-- EXERCISE DATA follows --
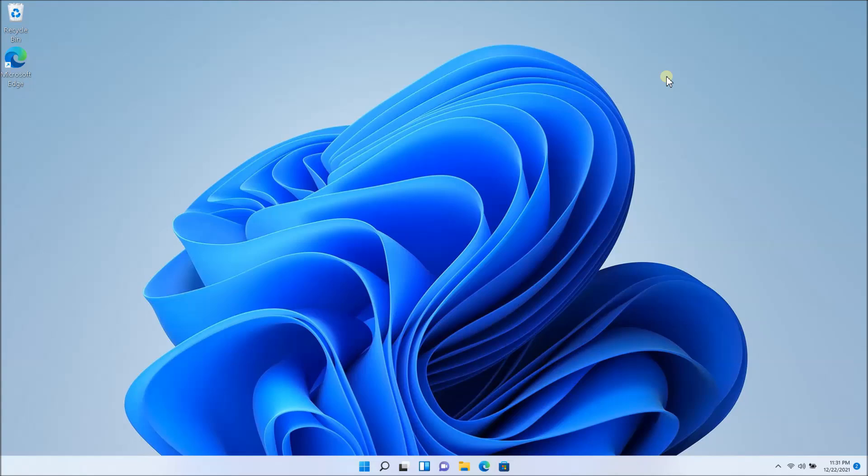You just got your new laptop and the thing sounds like a jet engine. I have created a video in the past for Windows 10 that helped millions of people fix that problem, so I'm just going to do the same thing with this Windows 11 video here.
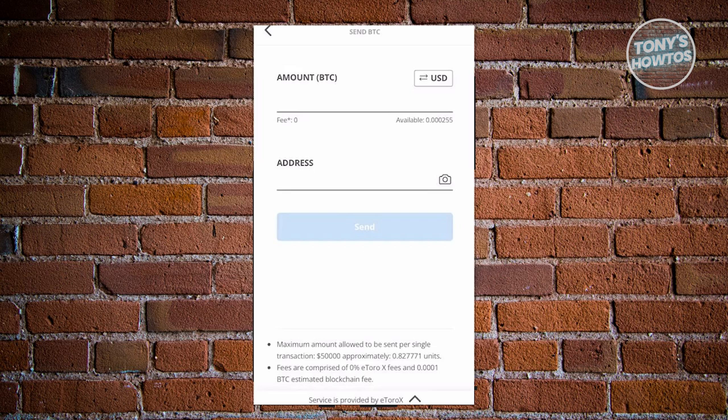Now in this case, you should be able to see the current available amount of that BTC wallet that you have right now. So in this case, you're going to indicate how much you want to send. Now also, you need to provide the address of the wallet you want to send to.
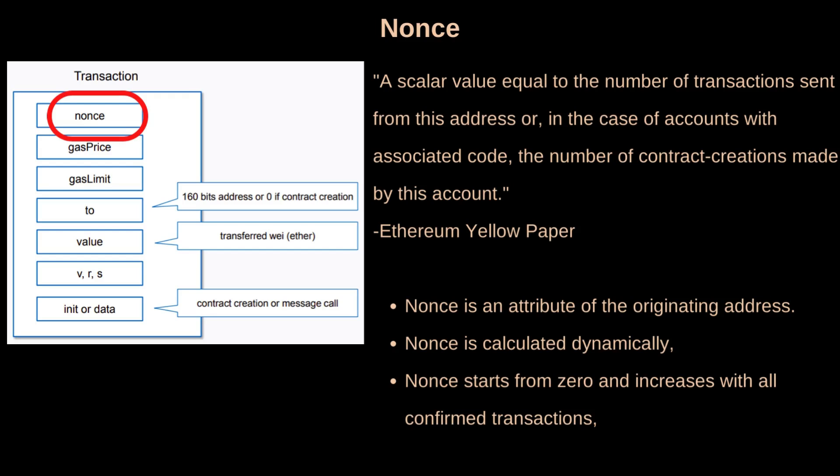Strictly speaking, the nonce is an attribute of the originating address. That is, it only has meaning in the context of the sending address of a transaction. Nonce starts from zero and increases with all confirmed transactions.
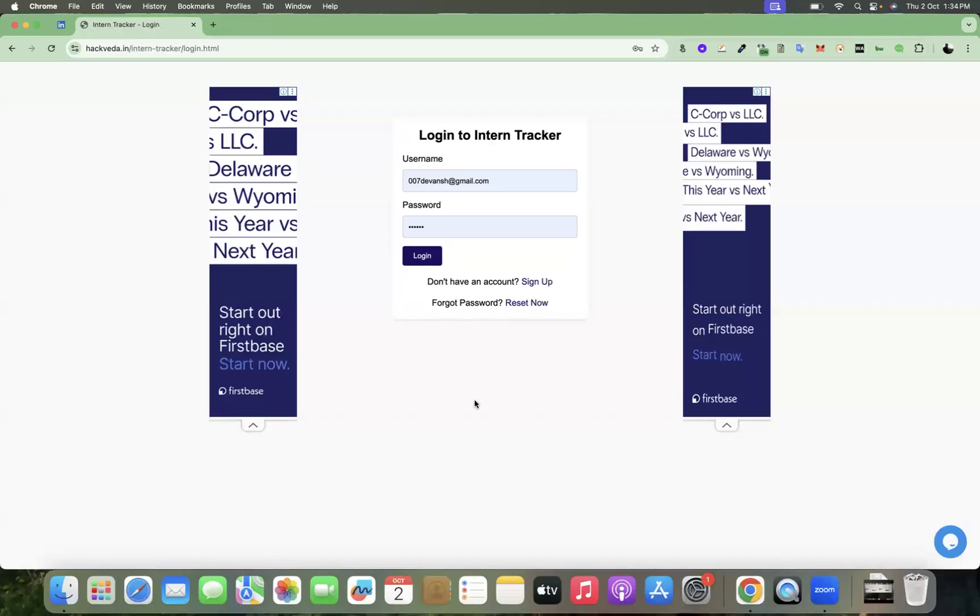Hey, welcome interns. In this video, we are going to talk about how you can get started with earning through intern tracker platform from day one of your internship.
-- EXERCISE DATA concluded --
> **WHAT TO WORK ON**
In the copy, include no pictures; everything else in the material should be written out exactly.

> **ANSWER BOX**
You just got your new laptop and the thing sounds like a jet engine. I have created a video in the past for Windows 10 that helped millions of people fix that problem, so I'm just going to do the same thing with this Windows 11 video here.
Now in this case, you should be able to see the current available amount of that BTC wallet that you have right now. So in this case, you're going to indicate how much you want to send. Now also, you need to provide the address of the wallet you want to send to.
Strictly speaking, the nonce is an attribute of the originating address. That is, it only has meaning in the context of the sending address of a transaction. Nonce starts from zero and increases with all confirmed transactions.
Hey, welcome interns. In this video, we are going to talk about how you can get started with earning through intern tracker platform from day one of your internship.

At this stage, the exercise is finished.